Afera Pegasusa. Brejza: Mariusz Kamiński musi zostać wezwany przed komisję śledczą
To Mariusz Kamiński był szefem służb specjalnych w czasie, gdy dokonywano szeregu nielegalnych działań. To on za nie odpowiada - mówił dziś w „Raporcie Gońca” Krzysztof Brejza. - To jego służby weszły na mój telefon i ściągnęły 80 tys. moich SMS-ów - grzmiał europoseł KO.
Brejza o roli Mariusza Kamińskiego w aferze Pegasusa
Krzysztof Brejza był pytany w “Raporcie Gońca” o rolę, jaką w aferze nielegalnej inwigilacji z użyciem technologii Pegasus mógł odegrać Mariusz Kamiński, który wczoraj został ułaskawiony przez prezydenta Andrzeja Dudę za przestępstwa związane z aferą gruntową.
- On był szefem służb, a więc to on odpowiada za szereg nielegalnych działań, jakie były podejmowane. To on tak naprawdę decydował o zakupie superbroni, miał wiedze o tym. Powinien zostać wezwany przed komisję śledczą - przekonywał Brejza.
- Ta cyberbroń nie może być stosowana w granicach kontroli operacyjnej, ona została wymyślona przez byłych agentów izraelskich do niszczenia terrorystów. Tymczasem w Polsce była stosowana przeciwko opozycji - grzmiał polityk.
"Ściągneli 80 tys. moich wiadomości"
I przypomniał, jak sam stał się ofiarą Pegasusa. - Włamano mi się do telefonu, telefon był przez pół roku na stałym podsłuchu. Służby nadzorowane przez Kamińskiego ściągnęły 80 tys. moich wiadomości. Później dokonano przecieku sfałszowanej korespondencji do TVP. Nie tylko zasysano mi rzeczy z telefonu, ale także podszywano się pod moich znajomych, preparowano SMS-y - opowiadał w “Raporcie Gońca” Brejza.
- Bardzo chcę wiedzieć, kto ponosi za to odpowiedzialność - dodał.

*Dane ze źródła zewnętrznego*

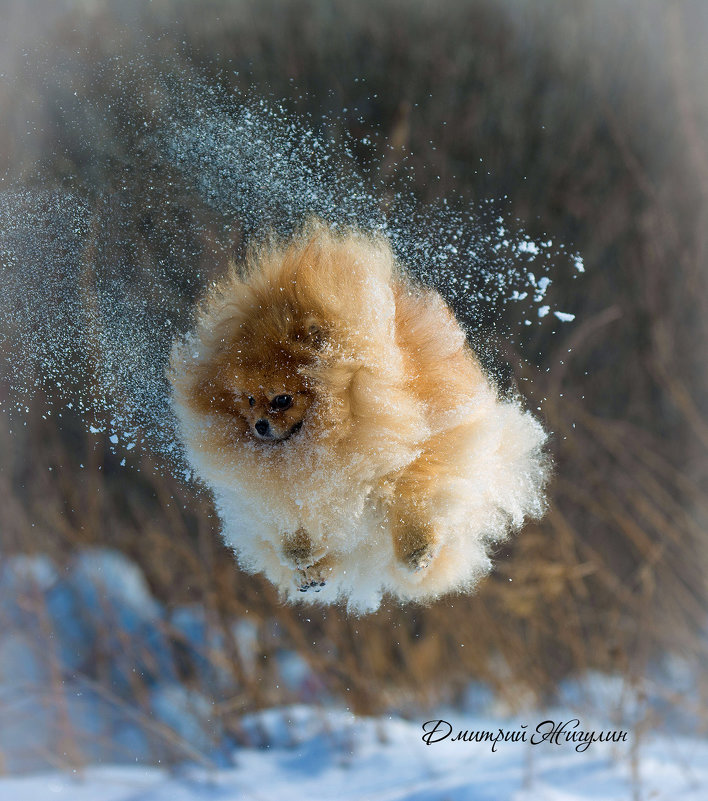 Я Тучка, Тучка, Тучка, я вовсе не медведь... - Дмитрий .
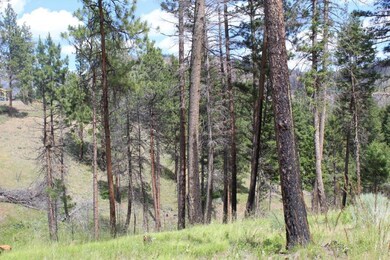 0 Corral Gulch Rd unit 220104153, Canyon City, OR 97820 - photo 2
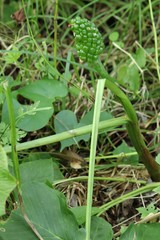Arisaema amurense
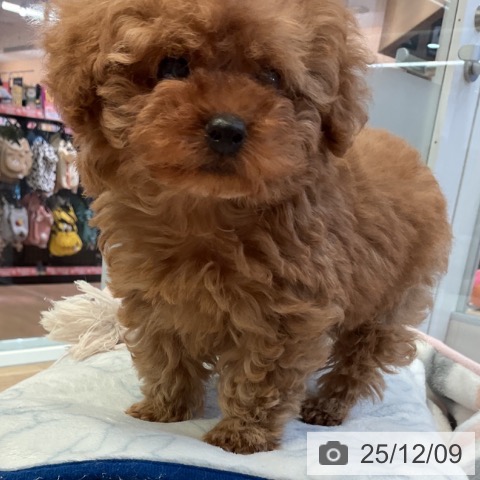 トイ・プードルの写真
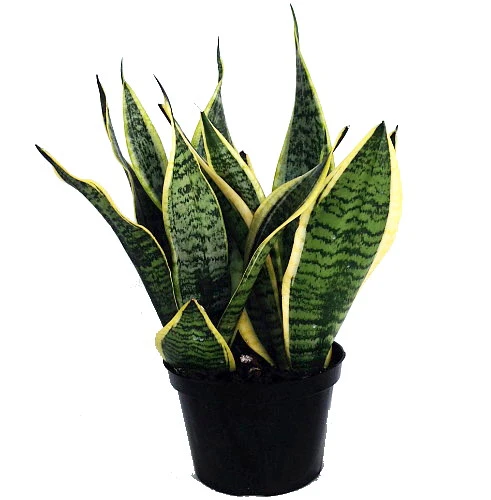 Futura Snake Plant, Mother-In-Law's Tongue, Barbershop Plant-Sanseveria - 6" Pot 1 Futura Snake Plant, Mother-In-Law's Tongue, Barbershop Plant-Sanseveria - 6" Pot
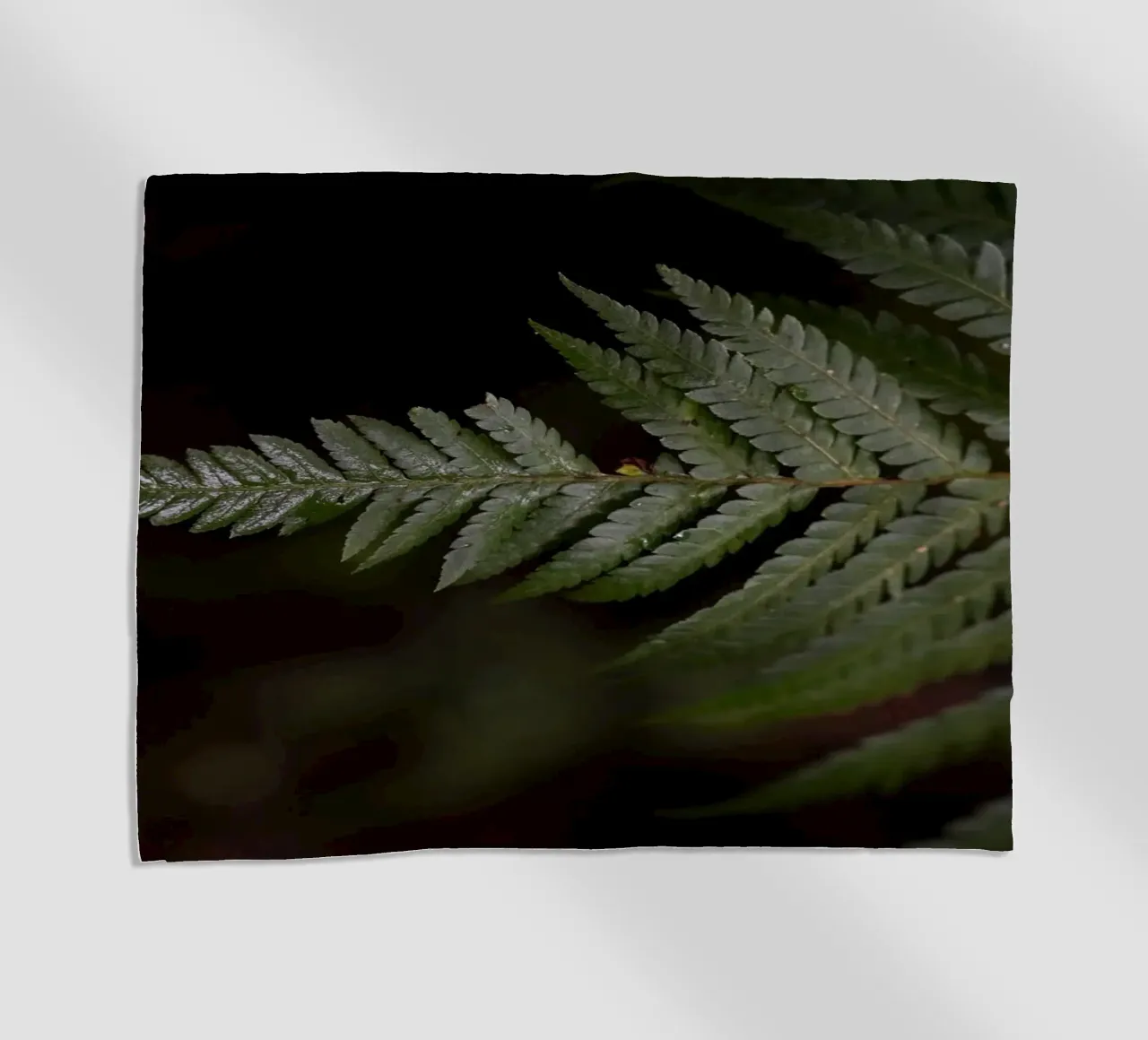 Essence of Stillness telo mare da somewhere.soul.escape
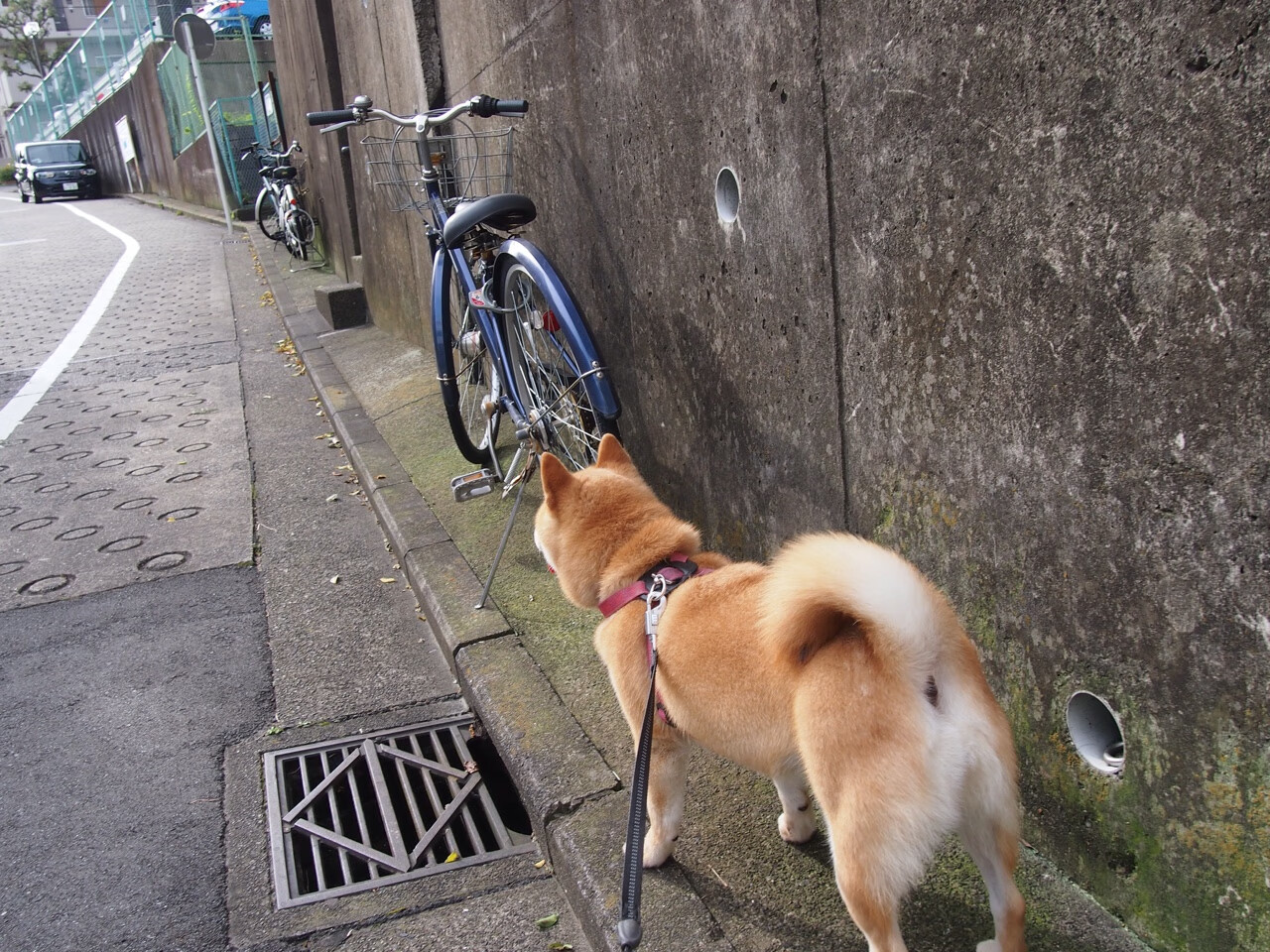 开云网页-_沙滩鸟巢跑：一场充满趣味的海滩运动秀_，沙滩鸟图片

- Chcemy, żeby dane, często prywatne, intymne, były tylko w posiadaniu posiadaczy danych telefonów. Żeby był tylko we władaniu obywateli. Żeby nikomu już nigdy nie przyszedł do głowy pomysł grzebania brudnymi paluchami w naszych telefonach i wiadomościach - mówił Brejza.
Komisja śledcza ds. Pegasusa powołana
Przypomnijmy, że tydzień temu Sejm powołał komisję śledczą, która ma wyjaśnić okoliczności afery Pegasusa. Sam Brejza to jedna z najgłośniejszych ofiar zastosowania tej technologii. W czasie, gdy był inwigilowany, współorganizował kampanię wyborczą swojej partii.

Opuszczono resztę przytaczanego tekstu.